Autre idée reçue mise à mal par l’étude, celle du poids des investissements liés à la mise en conformité réglementaire : il serait particulièrement élevé pour les entreprises françaises et expliquerait de ce fait le surplus d’investissement par rapport à leurs homologues européennes. Sur ce point, la Fabrique de l’industrie se focalise sur le secteur de la chimie, l’un de ceux où s’appliquent les contraintes réglementaires les plus importantes, en se basant sur deux études de l’Union des industries chimiques.

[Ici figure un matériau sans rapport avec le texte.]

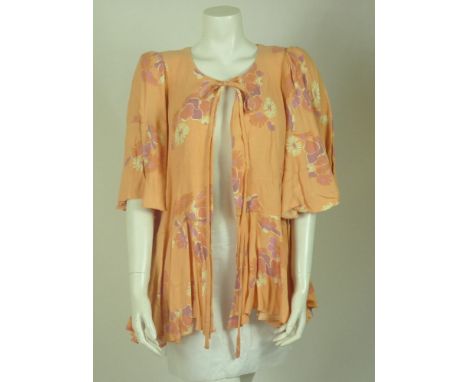 An original Biba 1960s peach-coloured flared top,with floral pattern, large flared sleeves, tie to neck and flared hem,a Biba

Selon ces dernières, 7 à 10% de l’effort d’investissement des entreprises de ce secteur sont destinés à la protection de l’environnement et la prévention des risques spécifiquement liées à la réglementation française. Cela représente un peu moins de la moitié du supplément d’investissement dans ce secteur en France par rapport à l’Allemagne. Bref, «les efforts de mise en conformité liés à la réglementation française ne sauraient donc expliquer qu’une part limitée du supplément d’investissement du secteur manufacturier en France», conclut l’étude.

En mesurant  le caractère limité de l’impact des
contraintes réglementaires ou de l’immobilier sur l’investissement, l’étude
écarte ces pistes comme explications majeures de la faiblesse de l’efficacité
de l’investissement des entreprises. Mais le phénomène  reste encore largement à décrypter.